- [Task item]: Beginning with the line containing "Garage Door Spring" and going on through the line containing "quay thử xổ số thứ năm", the lines below are to be returned exactly, pictures excluded and nothing added.

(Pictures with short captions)
----
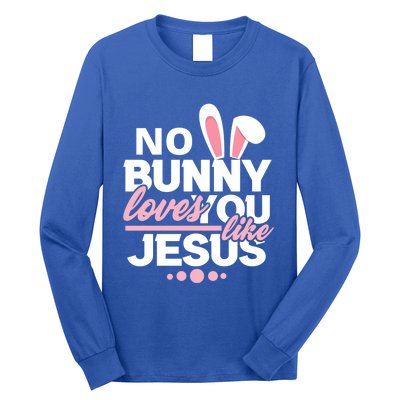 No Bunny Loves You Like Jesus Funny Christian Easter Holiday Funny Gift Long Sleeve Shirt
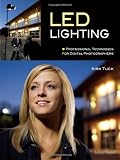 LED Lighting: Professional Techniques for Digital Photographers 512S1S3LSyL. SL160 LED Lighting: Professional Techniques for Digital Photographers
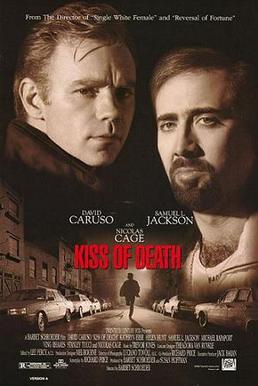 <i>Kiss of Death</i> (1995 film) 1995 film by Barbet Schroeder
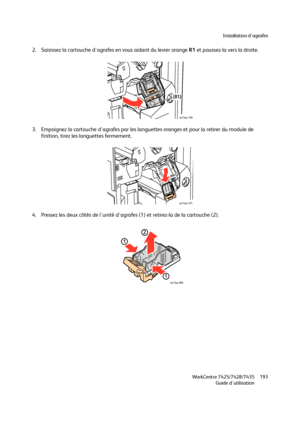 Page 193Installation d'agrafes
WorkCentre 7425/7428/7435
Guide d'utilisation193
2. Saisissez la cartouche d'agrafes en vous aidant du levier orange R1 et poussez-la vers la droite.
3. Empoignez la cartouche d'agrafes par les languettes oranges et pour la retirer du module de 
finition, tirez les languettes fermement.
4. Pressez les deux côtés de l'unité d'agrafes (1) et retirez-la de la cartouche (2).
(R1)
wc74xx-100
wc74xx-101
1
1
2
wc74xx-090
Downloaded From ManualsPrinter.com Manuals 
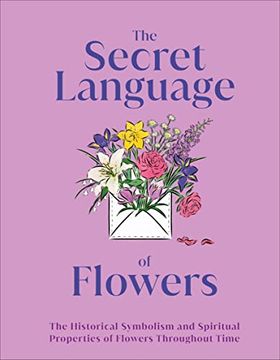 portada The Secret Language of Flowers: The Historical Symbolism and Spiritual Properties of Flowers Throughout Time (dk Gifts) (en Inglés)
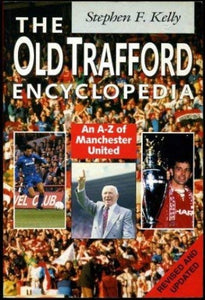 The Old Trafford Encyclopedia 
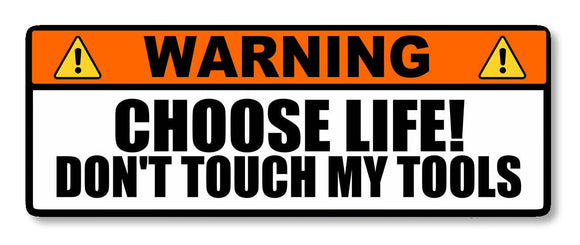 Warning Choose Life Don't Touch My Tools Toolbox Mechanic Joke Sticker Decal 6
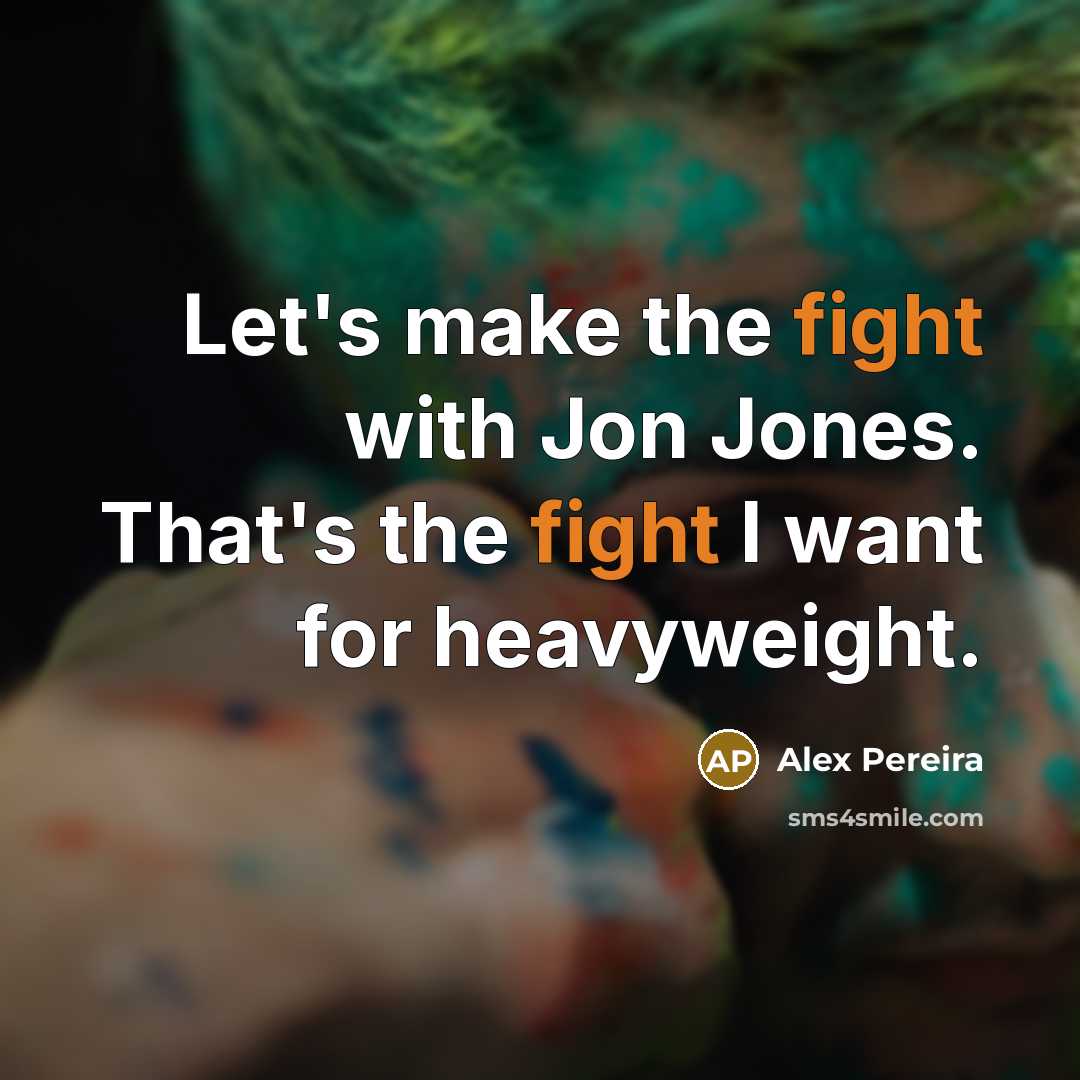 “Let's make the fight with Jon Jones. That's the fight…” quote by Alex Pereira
----
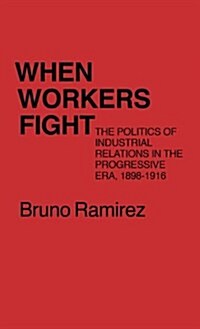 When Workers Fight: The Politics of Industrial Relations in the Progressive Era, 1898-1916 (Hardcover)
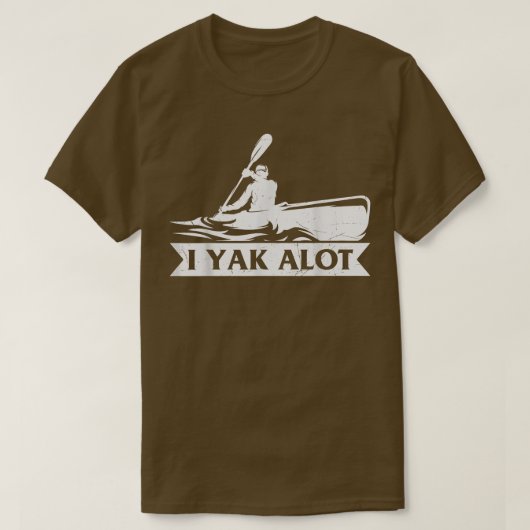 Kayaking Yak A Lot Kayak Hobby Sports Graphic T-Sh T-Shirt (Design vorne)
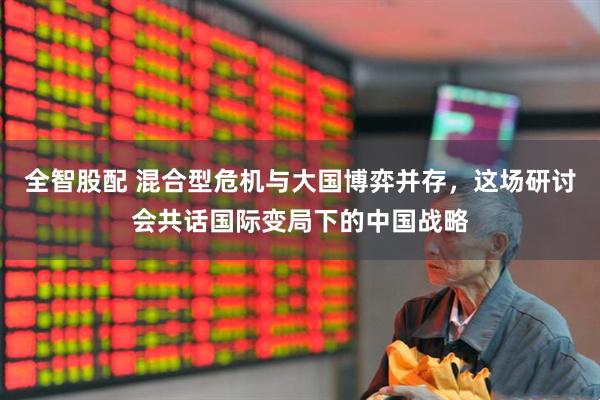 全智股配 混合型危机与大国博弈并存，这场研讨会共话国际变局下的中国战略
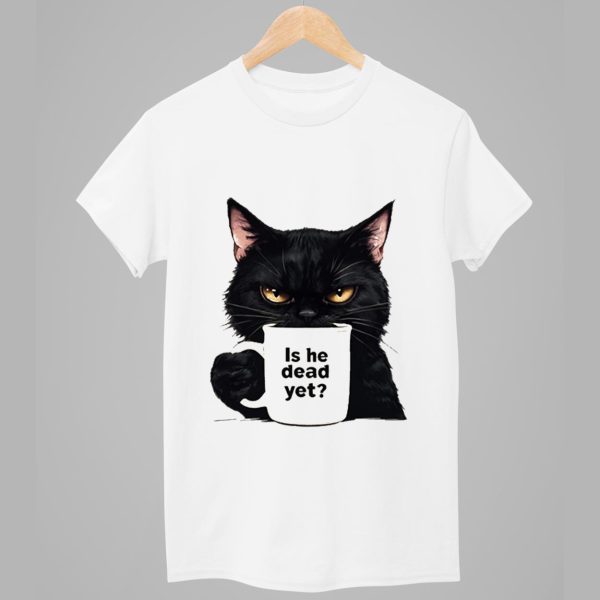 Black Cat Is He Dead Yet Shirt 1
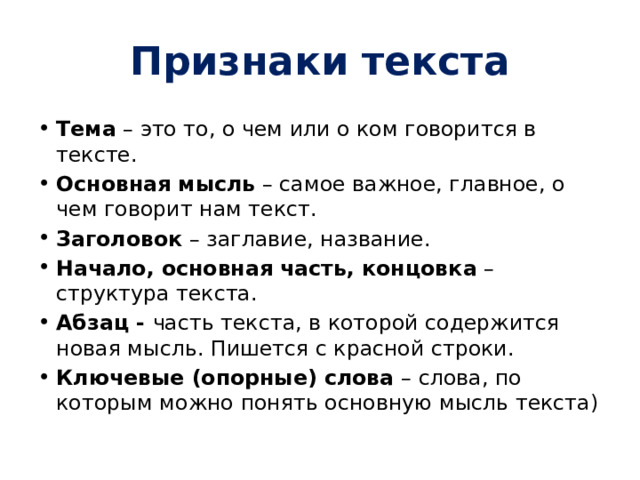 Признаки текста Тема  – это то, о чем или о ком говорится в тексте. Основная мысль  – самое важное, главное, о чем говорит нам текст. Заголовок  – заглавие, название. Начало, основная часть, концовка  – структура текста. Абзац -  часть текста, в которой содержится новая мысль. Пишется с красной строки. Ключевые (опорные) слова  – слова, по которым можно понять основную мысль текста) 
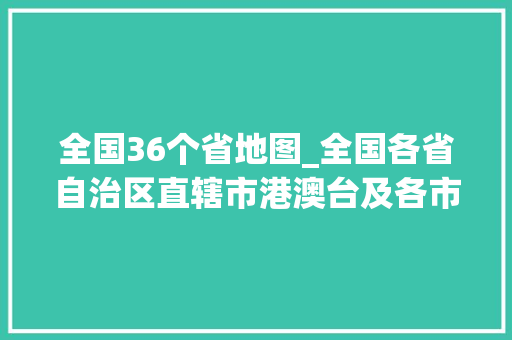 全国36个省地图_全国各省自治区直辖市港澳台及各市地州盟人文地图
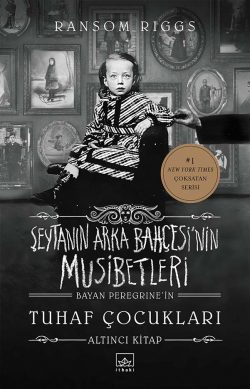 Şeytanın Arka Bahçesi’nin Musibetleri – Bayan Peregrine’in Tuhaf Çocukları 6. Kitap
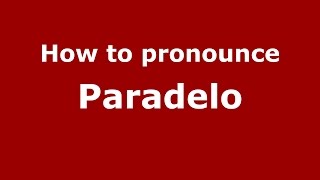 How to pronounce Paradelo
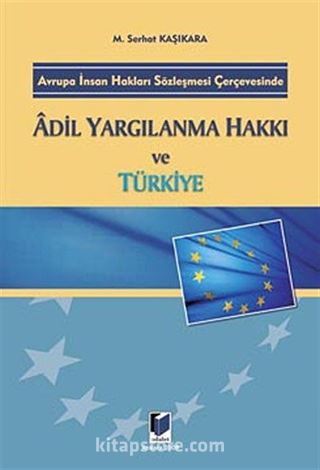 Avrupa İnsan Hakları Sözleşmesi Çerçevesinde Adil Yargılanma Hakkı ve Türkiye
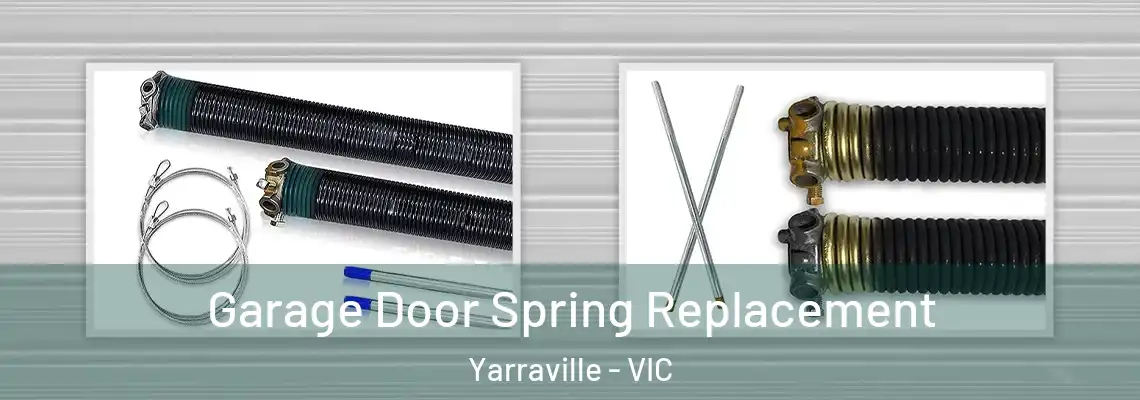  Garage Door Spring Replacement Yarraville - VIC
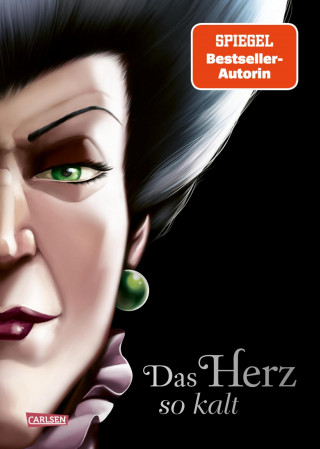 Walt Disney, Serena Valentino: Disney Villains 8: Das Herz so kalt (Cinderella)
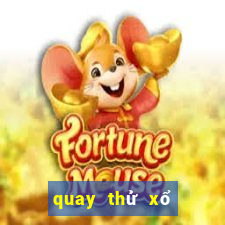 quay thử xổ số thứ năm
----
- [Task response]:
  Garage Door Spring Replacement Yarraville - VIC
 Walt Disney, Serena Valentino: Disney Villains 8: Das Herz so kalt (Cinderella)
 quay thử xổ số thứ năm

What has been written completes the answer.